Был ли Бог математиком? Галопом по божественной Вселенной с калькулятором, штангенциркулем и таблицами Брадиса - Марио Ливио
Шрифт:
Интервал:
Закладка:
Аксиома выбора с самого начала породила среди математиков серьезные споры. Поскольку она постулирует существование определенных математических объектов, то есть «выборов», не обеспечивая никаких сколько-нибудь осязаемых примеров таких объектов, на это обрушился шквальный огонь, особенно со стороны приверженцев философской школы под названием конструктивизм (родственной интуиционизму). Конструктивисты считали, что все сущее должно быть также эксплицитно конструируемым. Другие математики также старались обойти аксиому выбора и при работе с теорией множеств Цермело-Френкеля ограничивались всеми остальными аксиомами.
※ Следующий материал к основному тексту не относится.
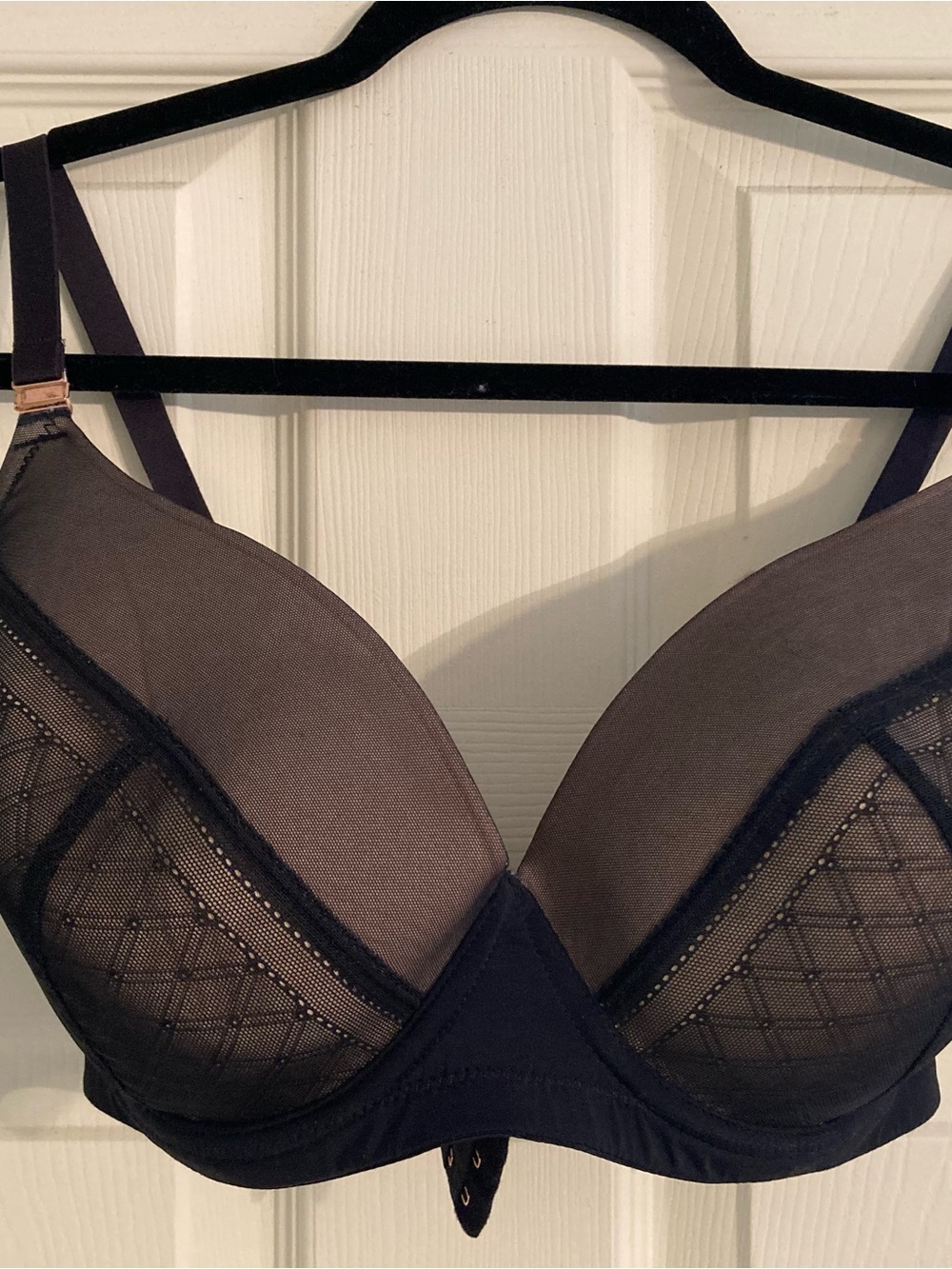 HOT MILK Molded Lace Bra - Charcoal with Magnetic Cups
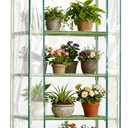 Twira 4-Tier Mini Greenhouse Outdoor, Portable Small Greenhouses for Winter, PE-coated Metal Frame & PVC Cover Green House for Outside Plants, Indoor Greenhouse Women Men Gardening Gifts 2.3x1.6x5.2ft, Large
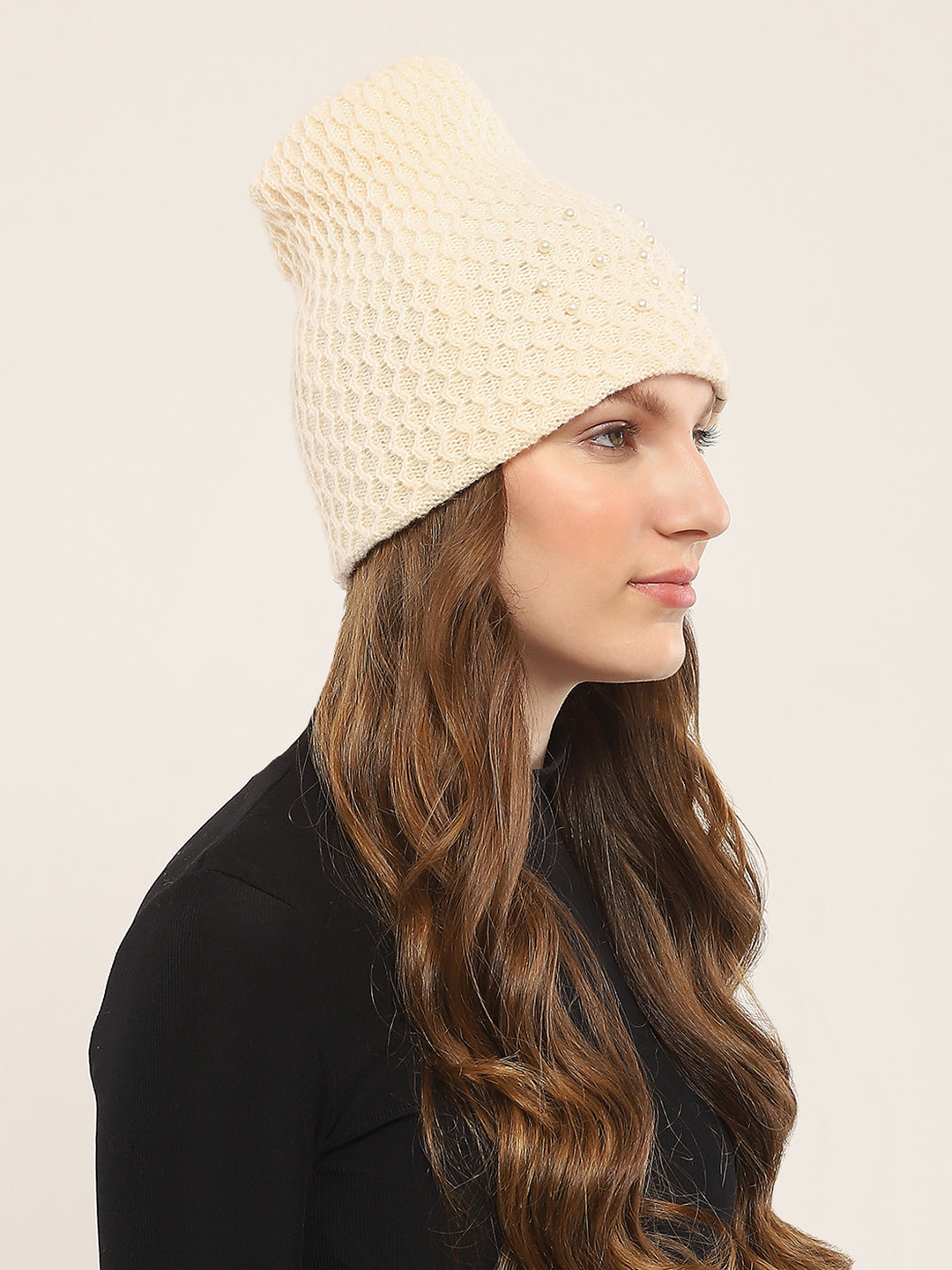 Women Cream Self Design Cap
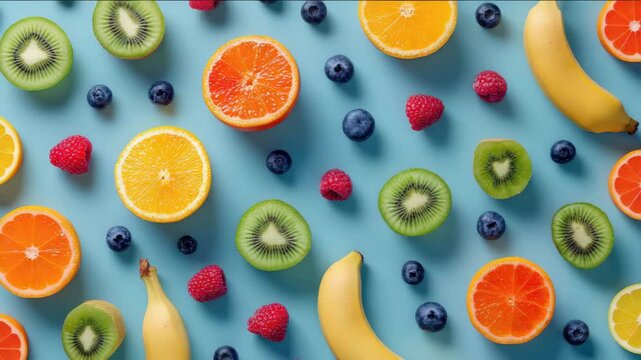 Organized flat lay of colorful fresh fruits: oranges, kiwi, bananas, and berries on blue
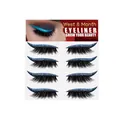 Autocollants eye-liner bleu pailleté réutilisables West Month avec longs faux cils - 4 Paires / Bleu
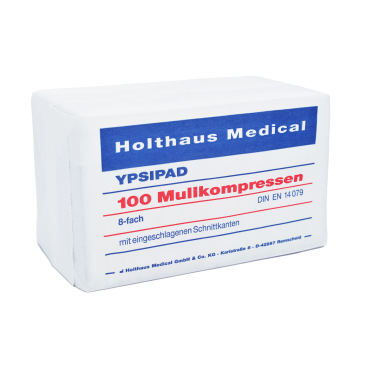 Holthaus Medical YPSIPAD Mullkompresse DIN EN 14079, unsteril 1 Packung = 100 Stück, Maße: 5 x 5 cm - Bild-Darstellung des Produktes 1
Из-за явных недостатков аксиомы выбора математики задались вопросом: неужели нельзя либо доказать, либо опровергнуть эту аксиому через остальные аксиомы. История с пятым постулатом Евклида повторилась буквально. Ответить на этот вопрос отчасти удалось в конце 1930 годов. Это сделал Курт Гёдель (1906–1978), один из самых влиятельных логиков всех времен: он доказал, что аксиома выбора и другая знаменитая поправка, принадлежащая основателю теории множеств Георгу Кантору – континуум-гипотеза – не противоречат другим аксиомам Цермело-Френкеля[135]. То есть получалось, что ни ту ни другую гипотезу нельзя опровергнуть при помощи других стандартных аксиом теории множеств. Дополнительные доказательства получил в 1963 году американский математик Пол Коэн (1934–2007), скончавшийся, увы, в то время, когда я писал эту книгу. Он установил, что аксиома выбора и континуум-гипотеза полностью независимы друг от друга (Cohen 1966). Иначе говоря, аксиому выбора нельзя ни доказать, ни опровергнуть при помощи других аксиом. Подобным же образом и континуум-гипотезу нельзя ни доказать, ни опровергнуть при помощи тех же самых аксиом, даже если включить в них аксиому выбора.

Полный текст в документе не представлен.